ModulePerturbation
ModulePerturbation.Rd
This function enables in-silico gene expression perturbation analysis using a co-expression network.
Usage
ModulePerturbation(
seurat_obj,
mod,
perturb_dir,
perturbation_name,
graph,
group.by = NULL,
group_name = NULL,
n_hubs = 5,
n_iters = 3,
delta_scale = 0.2,
corr_sigma = 0.05,
n_threads = 4,
use_velocyto = TRUE,
use_graph_tp = FALSE,
layer = "counts",
slot = "counts",
assay = "RNA",
return_delta = FALSE,
wgcna_name = NULL
)
Arguments
- seurat_obj
A Seurat object
- mod
Name of the co-expression module to perturb
- perturb_dir
A numeric determining the type of perturbation to apply. Negative values for knock-down, positive for knock-in, and 0 for knock-out.
- perturbation_name
A name for the in-silico perturbation that will be stored in the Seurat obejct
- graph
Name of the cell-cell graph in the Graphs(seurat_obj)
- group.by
A string containing the name of a column in the Seurat object with cell groups (clusters, cell types, etc).
- group_name
A string containing a group present in the provided group.by column. A character vector can be provided to select multiple groups at a time.
- n_hubs
The number of hub genes to perturb from the selected co-expression module.
- n_iters
The number of times to apply the signal propagation.
- corr_sigma
A numeric scaling factor for the correlation matrix.
- n_threads
Number of threads for the correlation calculation
- slot
Slot to extract data for aggregation. Default = 'counts'
- assay
Assay in seurat_obj containing expression information.
- return_delta
Logical indicating whether or not to return the "Delta" matrix in the Seurat object.
- wgcna_name
The name of the hdWGCNA experiment in the seurat_obj@misc slot
Details
Following co-expression network analysis with hdWGCNA, ModulePerturbation allows us to perform in-silico gene expression perturbation analysis. This analysis consists of several key steps.
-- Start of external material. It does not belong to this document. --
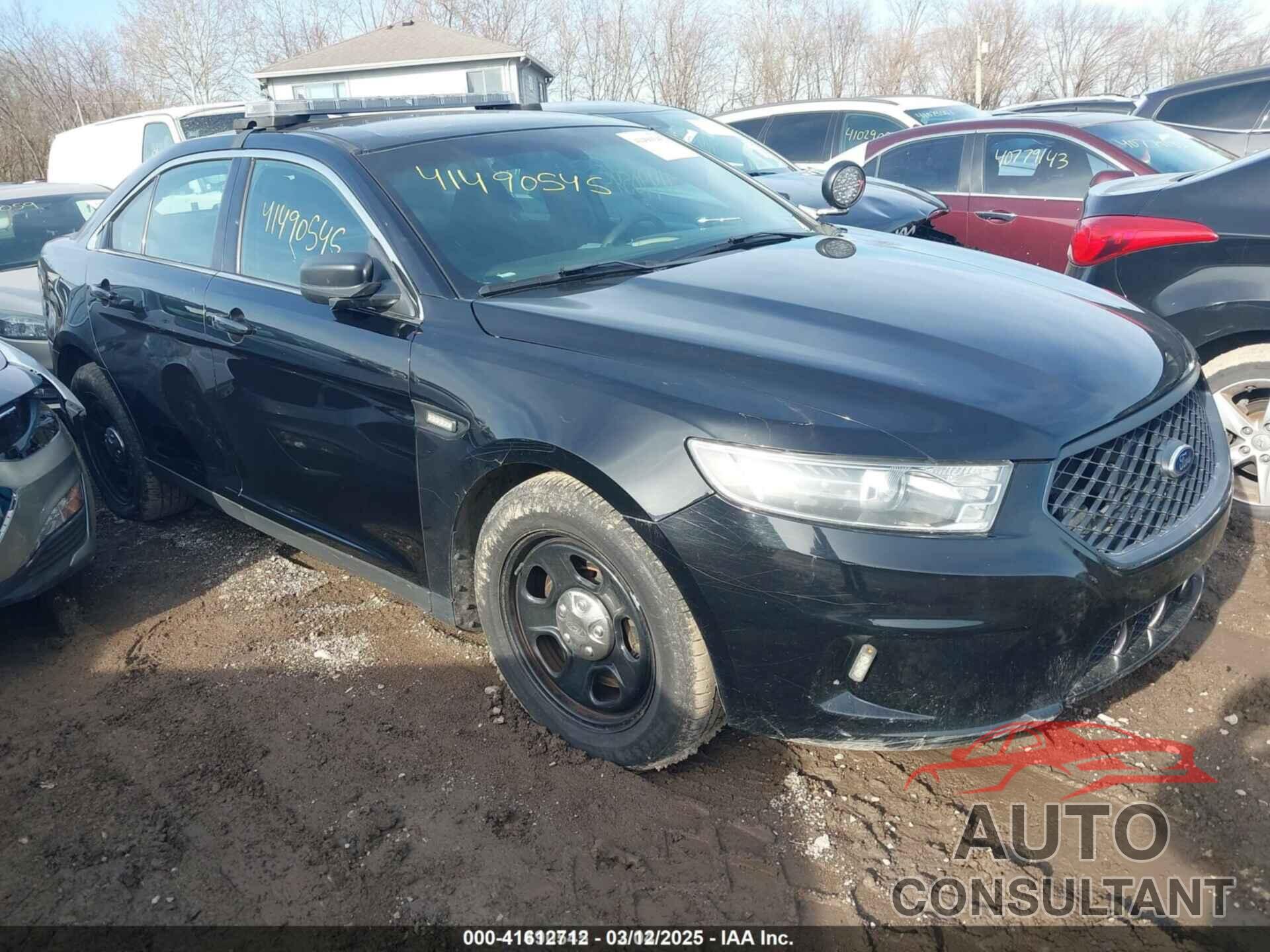 FORD POLICE INTERCEPTOR 2016 - 1FAHP2MKXGG108963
Apply a primary perturbation to the hub genes of a selected module. In this step, we model the observed gene expression of the hub genes using a zero-inflated negative binomial (ZINB), or other distributions. We then simulate new exptession data by sampling this distribution. The simulated expression matrix is then multiplied by the perturb_dir, and the final perturbation expression matrix is computed by adding the observed and simulated expression matrices.
Apply a secondary perturbation to the rest of the co-expression module using a signal propagation algorithm. Given the gene-gene co-expression network from hdWGCNA, we can propagate the perturbation signal throughout the network by computing the dot product between the network adjacency matrix and the perturbation expression matrix. This can be performed over several iterations using n_iters.
Compute the cell-cell transition probabilities.